The case study sniff test

We have previously carried out sniff tests ahead of industry events to get a sense of what visitors might expect from exhibition stands and what learning suppliers are saying about themselves.

With World of Learning starting on Monday 9 October we thought we would do a test of case studies on exhibitor websites. We chose 25 exhibitors at random (there are around 130 at the event) and spent a few minutes per website looking at case studies.

Why case studies? Because, according to the 2022 Content Preferences Survey Report, B2B buyers say case studies are the second most important type of content when researching a purchase (behind research reports).

For this test, we look at the case studies from the buyer perspective. The brands we looked at will remain anonymous as our intention here is to share some useful insights.

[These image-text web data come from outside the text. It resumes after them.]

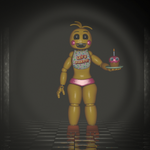 Toy Chica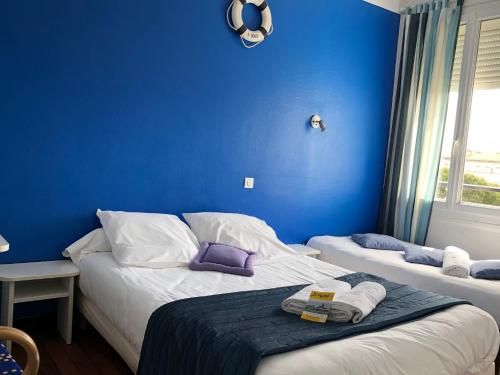 Crystal Hotel
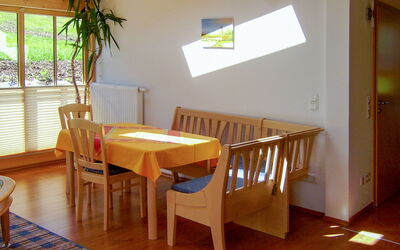 Alojamiento:&nbsp;Ferienhof Kronner (Bim210) 627.1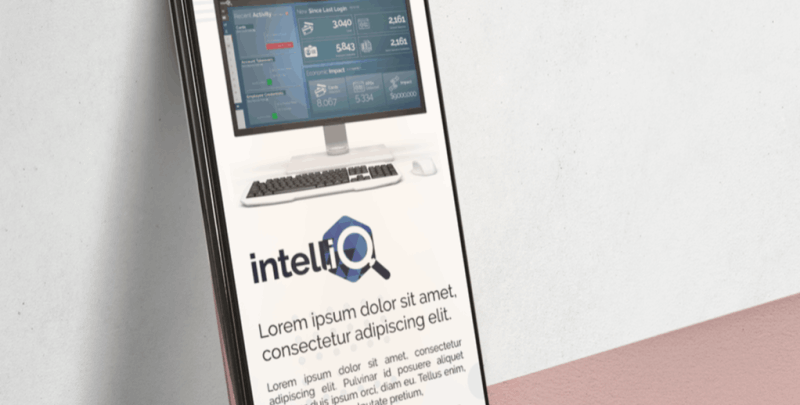 IntelliQ Mobile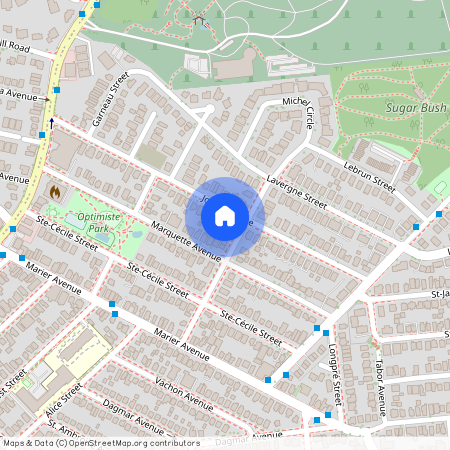 96 Jolliet Avenue, Vanier And Kingsview Park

Of the 25 exhibitors we looked at, the number of case studies stood at:

  • No case studies – 11
  • 1-5 case studies – 5
  • 6-10 case studies – 4
  • 10+ case studies – 5

Some vendors provide testimonial quotes or Trustpilot-type reviews. We have not counted these as they do not provide information on the client, the client’s challenge, the solution and the outcome.

Here are our observations:

Why aren’t learning vendors doing case studies?

It was surprising to see so many of the sample size not doing full-blown case studies. They are such an important part of the buying research process.

The focus is on the learning experience and learning outcome measures

Most case studies looked at the outcomes generated from using the product/service. Some provided data that gave a more in-depth view but most of the case studies covered the same ground ie how the product is used, what it is like working with the supplier etc, engagement and content consumption data.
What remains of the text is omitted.